| YOUR GOAL |
Take the lines below beginning at the line that has "Hotel Y Suites Bausan" and stopping after the line that has "Former Perfect Dark", and print them exactly as they are, with no other lines.

| EXTRACTED RECORDS |
※

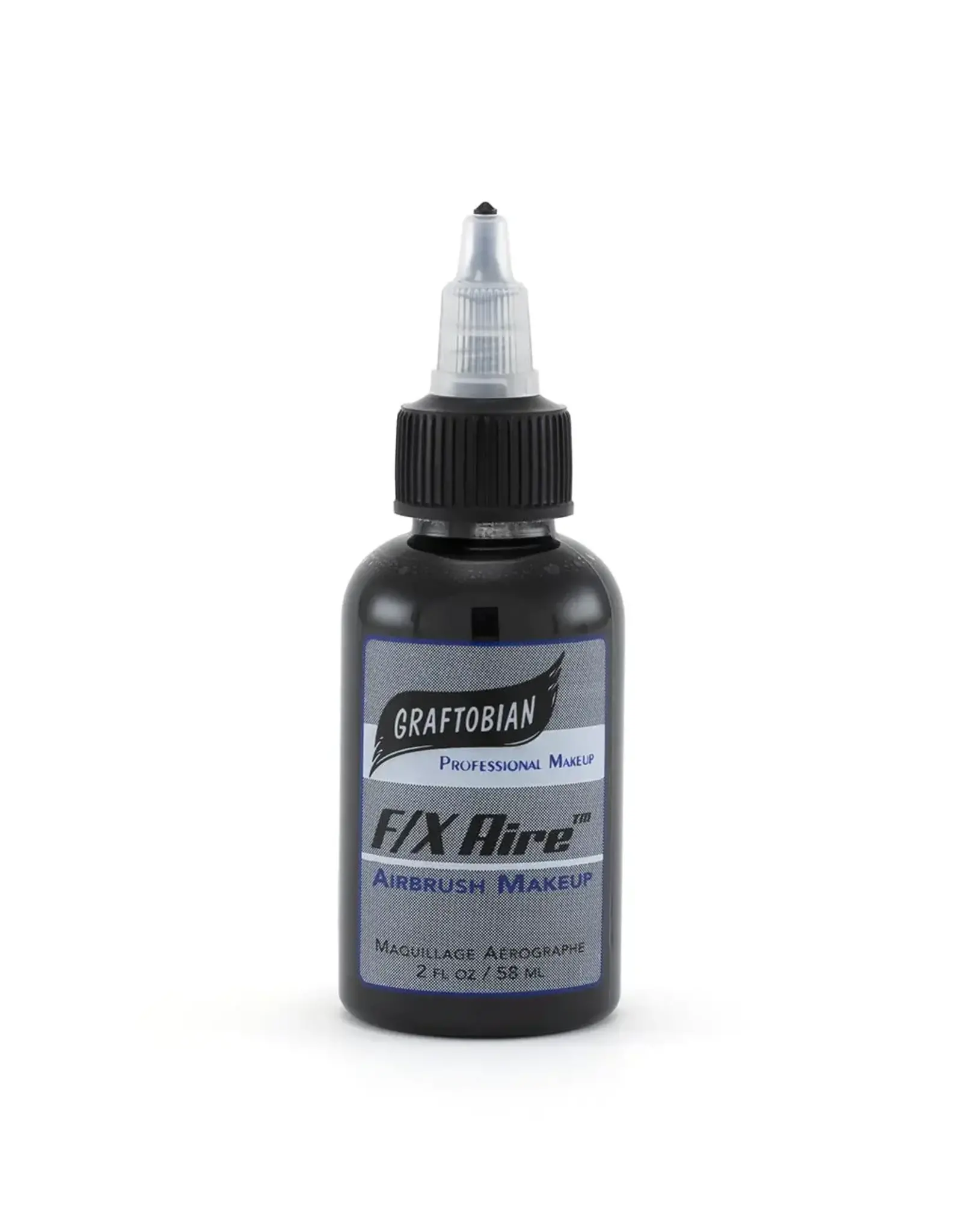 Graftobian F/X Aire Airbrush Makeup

※

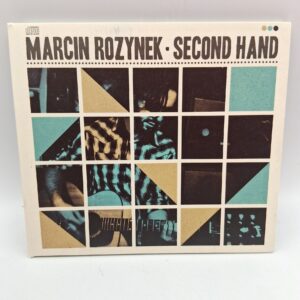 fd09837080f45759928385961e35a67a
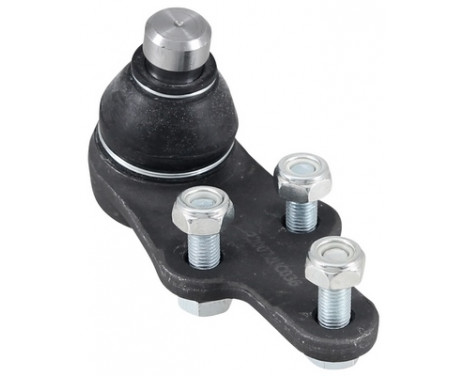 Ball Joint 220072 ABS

※

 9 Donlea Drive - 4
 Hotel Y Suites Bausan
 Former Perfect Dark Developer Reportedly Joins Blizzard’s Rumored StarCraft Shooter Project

※

| TASK RESPONSE |
 Hotel Y Suites Bausan
 Former Perfect Dark Developer Reportedly Joins Blizzard’s Rumored StarCraft Shooter Project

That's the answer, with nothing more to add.